HALLOWEEN SPECIAL: GAHUM, Our Filipino Concept of Power

Photo from Kasaysayan: The Story of the Filipino.

We recently commemorated our beloved who passed to the next life last Todos los Santos (All Saints Day and All Souls Day) which we call “Undas.”  When I asked Dr. Lars Ubaldo, who studied death practices in Ilocos, he said that it came from the Spanish “honras funebres” (funeral honors).  In some Tagalog provinces, undas is called “honras” and “undras,” and in Ilocos, the “atang” is also called “umras.”

Talking about death, the ancient Filipinos believe that when we die, whatever power, prestige and prowess we have can be transferred to another person or thing.  Dr. Ubaldo told me of a ritual in Cordillera, wherein a man who just died is being sat on a sangadi/sangachil (death chair), and as he is being smoked, the last body fluids that are coming out of his body are collected in a plate below so people can put it in their skin.

With this perspective, one now understands why on each Good Friday, when the dead Christ is being lowered from the cross in old churches to become the “santo sepulcro” or “santo entierro,” people will clean it.  The cloth used to wipe the dead Christ will be distributed as they believed it already have power, “anting-anting.”  Now we can understand that what many Catholic Bishops call as “fanaticism” every 9 January, of hundreds of thousands of people trying to get near the Black Nazarene and wipe it with hankies on its procession around the streets of Quiapo, is actually the continuation of an ancient practice of transferring the power of the Lord to the people, despite Western Christian influence.

Apu Mamakalulu, Santo Sepulcro, The Dead Christ at the Parish of the Holy Rosary, Angeles, Pampanga, Photo from the Xiao Chua Archives

Dr. Vicente Villan, one of my mentors, studied the “pintados,” tattooed “bagani” warriors from Panay.  I learned from him that the ancient warriors from this archipelago, especially the Ilanun “mangangayaw” warriors, behead their enemies in order for the power of these people to transfer to them.  The warrior goes home, adds the hair of the dead to the handle of his kampilan sword and will return with honor, prestige and well-being (ginhawa) to his bayan.

Ilanun, head-hunters

In the Visayan language, power is called “gahum.”  In a monograph, Dr. Myfel Joseph Paluga collected the different meanings of the concept:  it can refer to the nature of God, “Labaw nga Makagagahum” (Almighty God, He who had a high power); it can also mean government (”kagamhanan,” or “the powers-that-be”) and “gamhanan nga tawo” means a man who have power or authority.  The amulet known in many parts of the Philippines as anting-anting/agimat is also called “gahum.”  Although generally gahum is a positive concept, Dr. Villan said that in Visayan epics like the “Labaw Donggon,” if a power can destroy order, culture, relationships and communities, it is a bad gahum.  That’s why the struggle against state hegemony is now referred by many in the Philippine Left as “kontra-gahum.”

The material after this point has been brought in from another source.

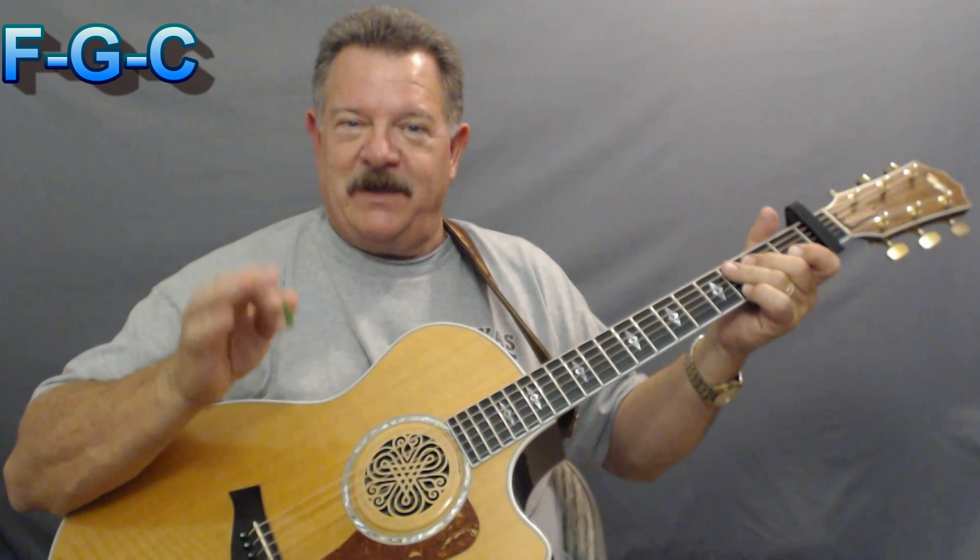Then Linda Ronstadt — whoever's singing for you — starts singing the verses of A minor and D. Then it goes to an F. So all you're doing there is F to a G, and then a C. And then there's a walk down. If you can play a little walk down, put this wow factor in: walk down on the third fret of the fifth string, second fret of the fifth string, first fret of the fifth string, and then A minor.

Anting-anting/Agimat/Gahum from the Zeus Salazar Collection. Photo from the Xiao Chua Archives.

Early Filipinos also believe that the “kaluluwa” (loosely translated as soul) has an alignment to heaven.  If the alignment is straightly vertical, it is a good soul—“matuwid na kaluluwa.”  If its horizontal, it is a bad soul—“halang ang kaluluwa.”  That alignment can be affected by someone with a strong inner gahum and that will make one feel bad.  And this is the folk explanation for a kid who suddenly felt sick because his soul’s alignment was disoriented—“nausog.”

We always borrow theoretical concepts from Western scholars when we can also see how colorful and comprehensive our own concepts are.

HALLOWEEN SPECIAL: Death and (Our) Beginnings

Manunggul Jar design, courtesy of Dr. Jose Victor Torres.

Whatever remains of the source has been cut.